▸ Exercise prompt: Below are records with pictures; copy word for word only the lines between the line with "Verstappen triumfoval v" and the line with "Odnaleziono auto leżące", inclusive, and drop the pictures.

▸ Data excerpts:

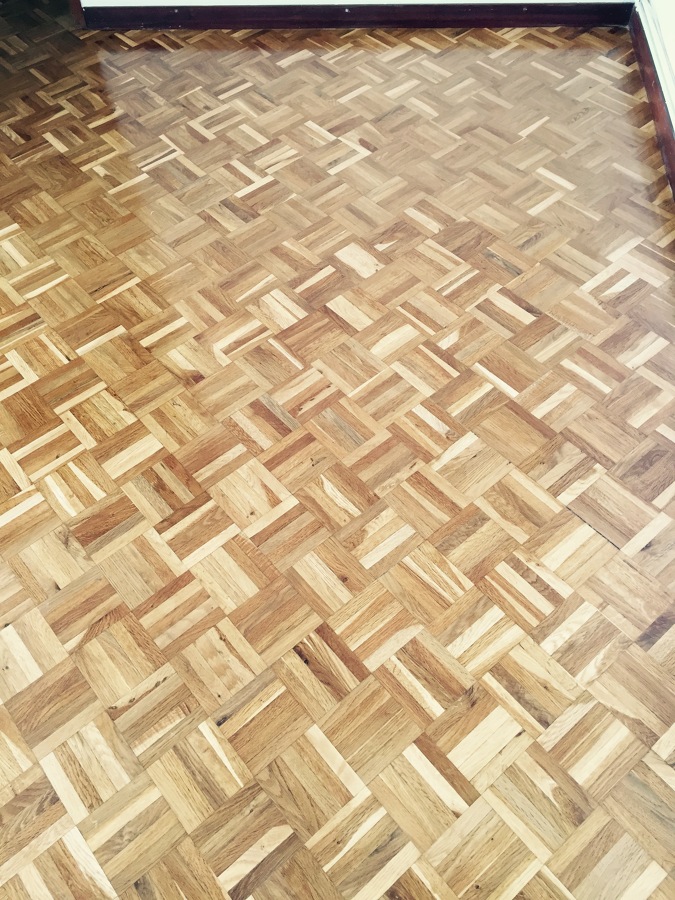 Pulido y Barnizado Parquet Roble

==

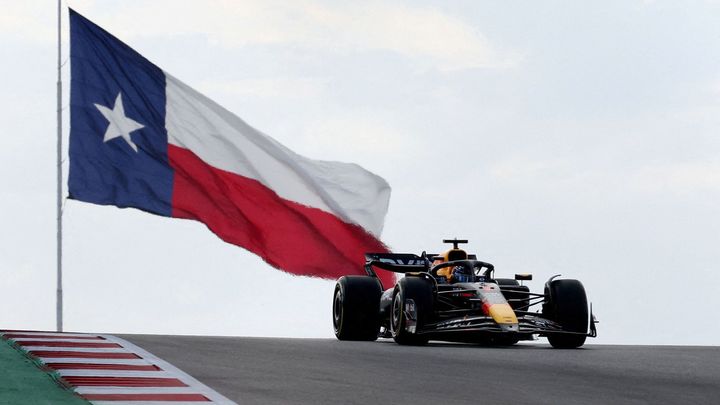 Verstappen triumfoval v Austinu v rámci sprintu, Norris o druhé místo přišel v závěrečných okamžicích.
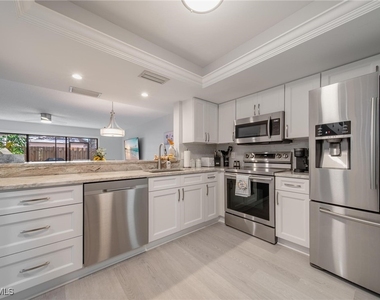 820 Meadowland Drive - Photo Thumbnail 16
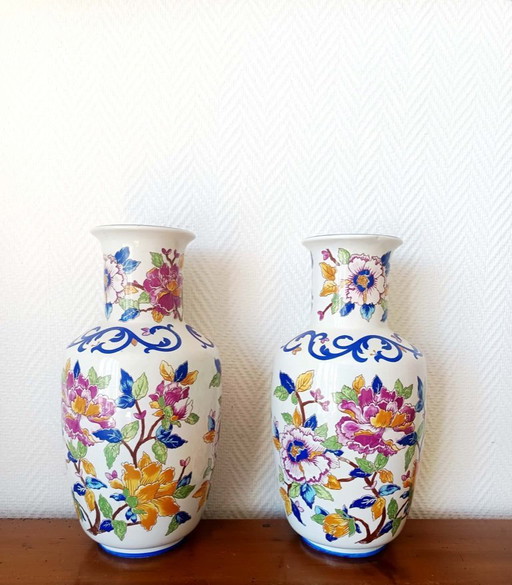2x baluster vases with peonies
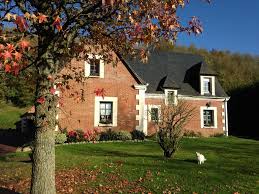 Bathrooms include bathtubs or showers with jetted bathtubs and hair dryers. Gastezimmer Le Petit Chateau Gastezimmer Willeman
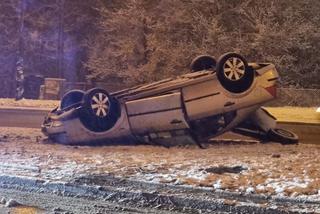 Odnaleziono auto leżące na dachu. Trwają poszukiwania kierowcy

...

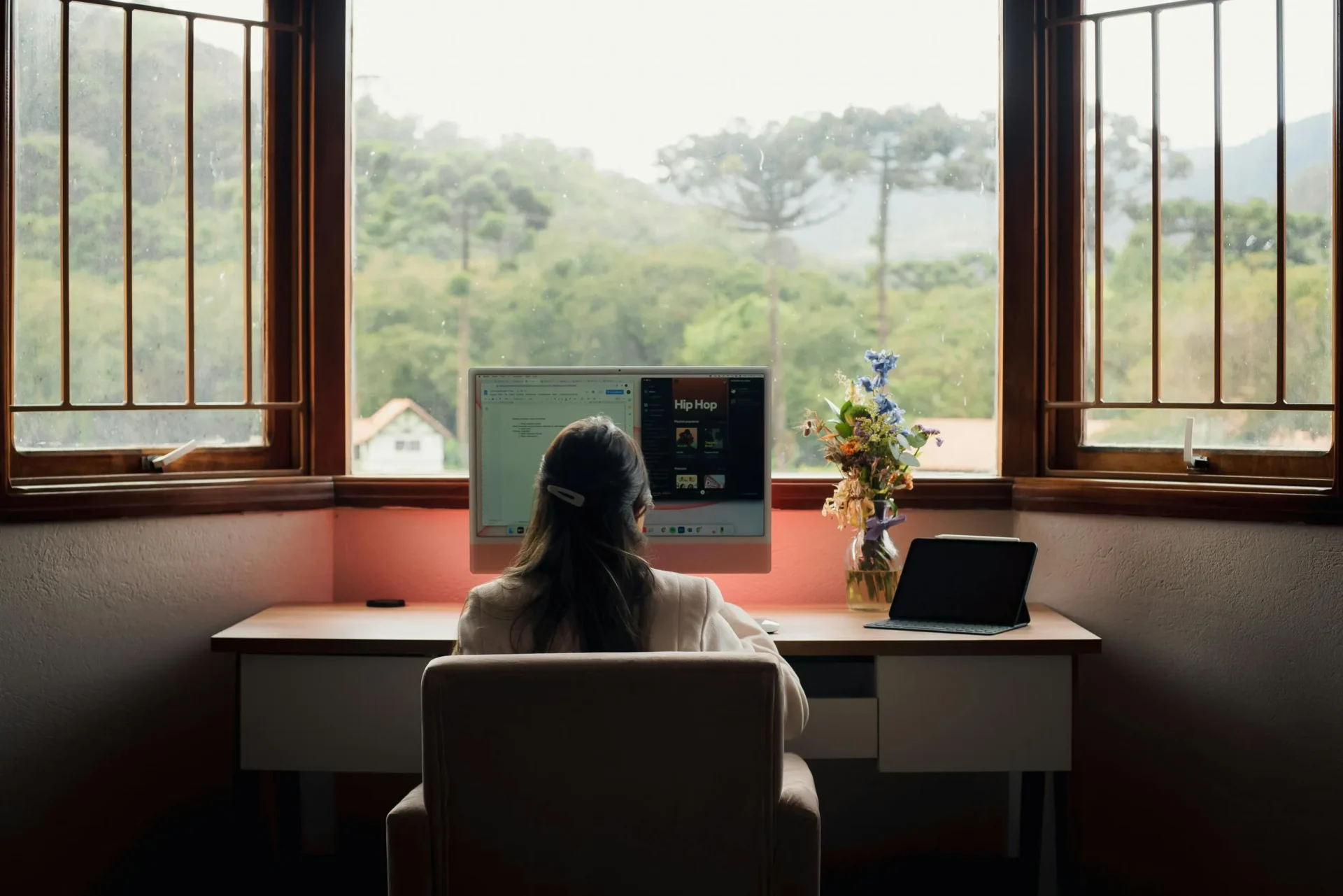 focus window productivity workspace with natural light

▸ Exercise answer:
 Verstappen triumfoval v Austinu v rámci sprintu, Norris o druhé místo přišel v závěrečných okamžicích.
 820 Meadowland Drive - Photo Thumbnail 16
2x baluster vases with peonies
 Bathrooms include bathtubs or showers with jetted bathtubs and hair dryers. Gastezimmer Le Petit Chateau Gastezimmer Willeman
 Odnaleziono auto leżące na dachu. Trwają poszukiwania kierowcy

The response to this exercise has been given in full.